TEMPO.CO, Jakarta - Wahana Lingkungan Hidup Sulawesi Tengah atau Walhi Sulteng menyayangkan penetapan dua tenaga kerja asing (TKA) Cina dalam kasus ledakan smelter PT Indonesia Tsingshan Stainless Steel (ITSS). Diberitakan sebelumnya, ledakan di kawasan PT Indonesia Morowali Industrial Park (IMIP) itu terjadi pada Minggu, 24 Desember 2023 dan menewaskan 21 pekerja.
"Menurut kami, hukum harusnya dikenakan ke manajemen atau perusahan. Mereka yang bertanggung jawab atas seluruh aktivitas kerja di dalamnya, termasuk nyawa pekerja," kata Kepala Departemen dan Advokasi Walhi Sulteng Aulia Hakim ketika dihubungi Tempo pada Jumat, 16 Februari 2024.
Pasalnya, Aulia mengatakan pekerja hanya bekerja atas instruksi atasan. Sementara itu, kata dia, temuan Walhi Kalteng di lapangan menunjukkan bahwa ledakan PT ITSS dipicu penggunaan oxy asetyline. Oxy asetyline merupakan las pembakaran C2H2 dengan O2 dari gas asetilin yang sangat kuat membelah besi logam dan baja.
"Ledakan terjadi karena gas asetilin terkontaminasi dengan cairan nikel setelah dinding tungku mengeluarkan cairan tersebut, yang masih sangat panas," ujar Aulia.
Penggunaan las asetilin itu, kata Aulia, juga disebabkan absennya pengawas dari petugas safety yang mestinya mengawasi berlangsungnya proses pekerjaan untuk meminimalisir risiko.

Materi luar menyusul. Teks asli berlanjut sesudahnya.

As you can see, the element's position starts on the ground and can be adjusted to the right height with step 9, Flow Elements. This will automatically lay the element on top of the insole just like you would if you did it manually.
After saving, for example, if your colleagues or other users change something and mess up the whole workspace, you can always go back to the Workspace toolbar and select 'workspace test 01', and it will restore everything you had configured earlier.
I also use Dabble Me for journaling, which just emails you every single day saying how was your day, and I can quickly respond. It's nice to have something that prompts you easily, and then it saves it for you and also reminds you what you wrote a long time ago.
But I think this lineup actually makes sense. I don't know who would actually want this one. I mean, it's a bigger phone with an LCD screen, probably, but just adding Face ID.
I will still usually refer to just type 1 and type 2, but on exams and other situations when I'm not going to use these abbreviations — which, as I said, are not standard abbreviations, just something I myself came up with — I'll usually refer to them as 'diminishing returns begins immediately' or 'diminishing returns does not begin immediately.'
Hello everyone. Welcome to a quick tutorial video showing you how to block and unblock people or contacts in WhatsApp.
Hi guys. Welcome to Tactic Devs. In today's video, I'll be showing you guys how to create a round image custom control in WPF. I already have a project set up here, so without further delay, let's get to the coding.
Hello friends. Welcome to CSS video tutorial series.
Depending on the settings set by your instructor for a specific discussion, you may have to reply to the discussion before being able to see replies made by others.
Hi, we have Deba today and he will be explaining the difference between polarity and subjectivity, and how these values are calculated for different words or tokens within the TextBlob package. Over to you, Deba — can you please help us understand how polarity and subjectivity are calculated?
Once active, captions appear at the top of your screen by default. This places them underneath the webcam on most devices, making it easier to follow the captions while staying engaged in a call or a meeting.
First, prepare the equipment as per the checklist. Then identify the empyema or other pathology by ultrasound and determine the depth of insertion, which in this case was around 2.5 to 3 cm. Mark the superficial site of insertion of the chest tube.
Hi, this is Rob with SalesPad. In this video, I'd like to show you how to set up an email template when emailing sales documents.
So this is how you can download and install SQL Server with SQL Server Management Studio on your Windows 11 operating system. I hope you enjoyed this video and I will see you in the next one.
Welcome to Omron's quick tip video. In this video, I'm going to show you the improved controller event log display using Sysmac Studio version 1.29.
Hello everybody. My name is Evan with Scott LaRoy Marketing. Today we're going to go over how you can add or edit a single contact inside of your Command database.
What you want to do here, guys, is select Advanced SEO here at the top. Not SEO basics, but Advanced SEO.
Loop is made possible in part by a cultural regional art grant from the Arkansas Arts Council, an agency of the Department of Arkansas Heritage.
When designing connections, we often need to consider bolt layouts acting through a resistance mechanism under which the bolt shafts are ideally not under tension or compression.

Menurut pengakuan pekerja, Aulia menuturkan, ledakan smelter bisa dicegah jika ada pengawas safety karena mereka akan melarang penggunaan las asetilin.
Tak cuma absennya petugas safety, menurut Aulia pekerjaan perbaikan tungku juga dilakukan tanpa surat izin kerja dari supervisor. Padahal, dokumen izin tersebut didukung dokumen lain, seperti Job safety analysis (JSA) dan toolbox checklist ketika bekerja di areal yang memiliki risiko tinggi dan di ruangan terbatas.
"Kategori pada pekerjaan di smelter ialah Hot Work Permit dan Cold Work Permit. Jika dasar dokumen ini dipakai dalam prosedur pekerja maka las Oxy asetilin tidak digunakan," tutur Aulia.